Groundwater users avoid curtailment after reaching temporary settlement, but it isn’t over yet
Published at | Updated atIDAHO FALLS – A temporary agreement in the water curtailment discussion has been reached and has been submitted to the Idaho Department of Water Resources.
The settlement will allow groundwater users in Bingham, Bonneville, Jefferson and Clark counties to get through the growing season without having the water shut off, according to a news release from Idaho Ground Water Appropriators. The settlement involves a groundwater mitigation agreement that has been submitted to the department for final approval. Once the board signs it, the curtailment order issued on May 30 for nine groundwater districts throughout the state will be lifted.
“This is a huge relief to our members, who have had their livelihoods threatened over the past month,” TJ Budge, attorney for Idaho Ground Water Appropriators, says in a news release. “We want to thank Governor Little, Lt. Governor Bedke, Senator Van Burtenshaw and, especially, all of our groundwater district members for their sincere and significant efforts to get a deal done before it was too late.”
If the order would’ve been enforced, about 500,000 acres across the state — much of it in eastern Idaho — would’ve lost access to water. Groundwater users say this would’ve had a devastating impact on Idaho’s economy.
The curtailment order came about because of a projected shortage of 74,100 acre-feet of water for the Twin Falls Canal Company, which has senior water rights. Surface water users in Magic Valley have senior water rights over groundwater users in eastern Idaho under Idaho’s prior appropriation doctrine.
In order to avoid curtailment in times of shortages, groundwater users have to participate in a state groundwater mitigation plan, which aims to recharge the Eastern Snake River Plain Aquifer and reverse the decades long decline in its water supply.
The department originally determined about 6,400 junior groundwater rights holders who pump off the Eastern Snake Plain Aquifer were not compliant with a state mitigation plan.
Under the new plan, groundwater districts will conserve 240,000 acre-feet of water and deliver 50,000 acre-feet of storage water to the Surface Water Coaltion, as stated in the 2016 mitigation plan.
The parties also agreed to recognize groundwater districts’ prior water conservation efforts, which the SWC disputed in the past.
Although this mitigation plan temporarily avoids a curtailment in 2024, it does not address longterm concerns with how the state manages the aquifer. IGWA Chairwoman Stephanie Mickelsen says in a news release water users across the state need to agree to a permanent water right plan or be in the same position again next year.
“The way the Idaho Department of Water Resources currently goes about managing the ESPA is not working,” Mickelsen says. “Without meaningful change to how water resources are managed, we will find ourselves right back in this same position and all of Idaho will end up paying the price.”
During a public meeting with the Bonneville-Jefferson Ground Water District last week, its attorney Skyler Johns said the deadline to come up with a new plan is Oct. 1.

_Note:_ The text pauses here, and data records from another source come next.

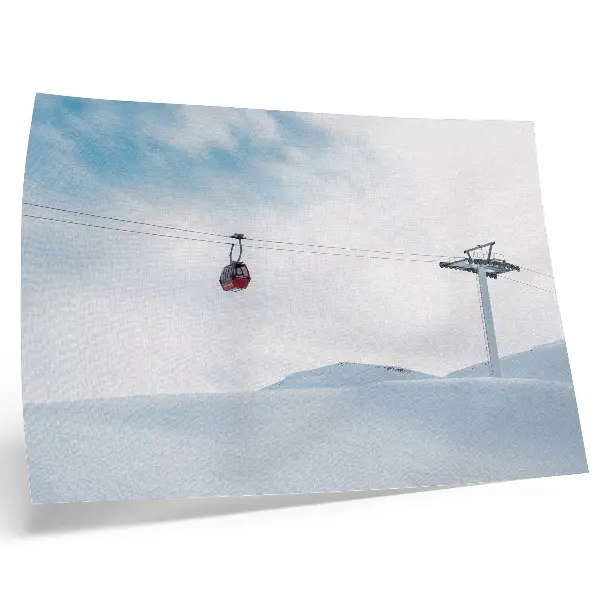 Kunstdruck Poster mit Bergen, Seilbahn, Himmel und dynamischem Farbkontrast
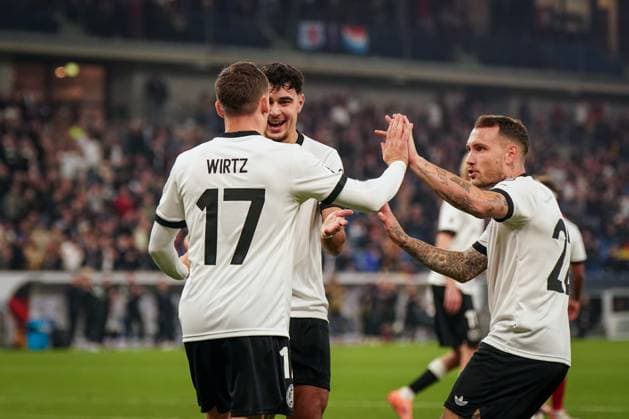 Soccer FIFA World Cup Qualification Europe 2025 26, 7 Matchday Germany vs. Luxembourg PreZero Arena Sinsheim Goal and goal celebration for 1 0 Florian Wirtz Germany, 17 Joy, emotions, jubilation with David Raum Germany, 22 Aleksandar Pavlovic Germany, 5 Goal is not given after VAR by referee Nenad Minakovic SRB Sinsheim Baden Württemberg Germany Copyright: xJOERANxSTEINSIEKx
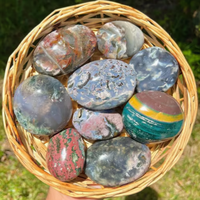 Pierre de palmier en jaspe océanique naturel de Madagascar polie à la main, cristaux d'équilibrage Reiki, galets de massage pour la décoration de studio de yoga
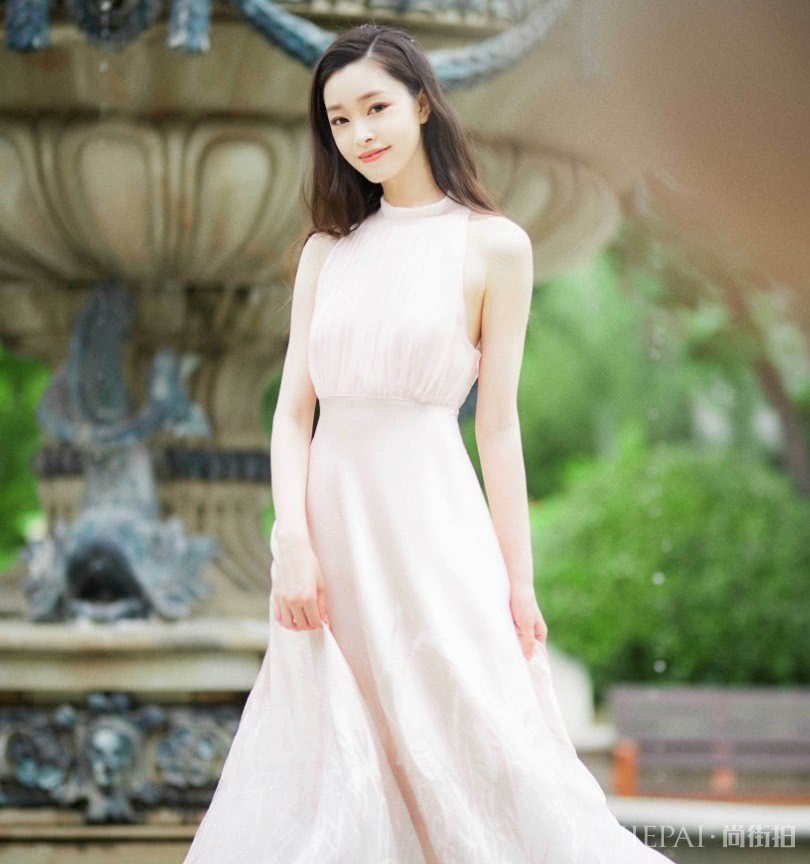 宋轶穿雪糕裙甜美吸睛,越长越美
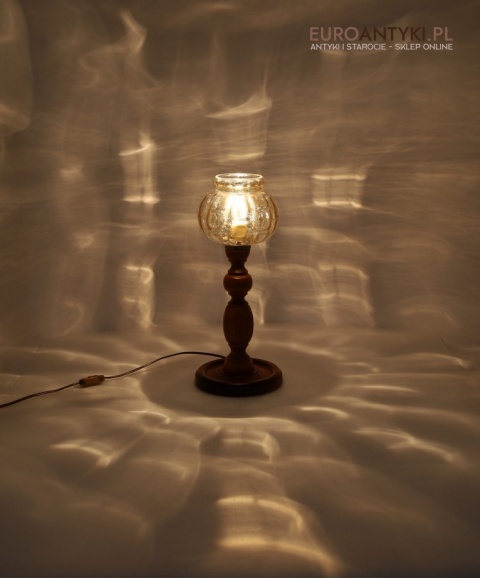drewniana lampa stołowa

“We look forward to working with state leaders to chart a path that is in the best interest of the state moving forward,” Mickelsen says.
In a statement sent to media outlets statewide, Gov. Brad Little and Lt. Gov. Scott Bedke expressed appreciation to both parties for working together and making compromises to avoid a curtailment.
Bedke says the difficult negotiation process over the last several weeks has “highlighted areas of agreement as well as areas of deep disagreement among water users in the region.”
“I appreciate that our southern Idaho surface water and groundwater users were able to put aside their differences and come together to create an equitable solution that guarantees no water is shut off, no Idaho laws are broken, and the crops already in the ground will be ready for harvesting,” Bedke says. “But it’s imperative that those same parties understand their work is not finished.”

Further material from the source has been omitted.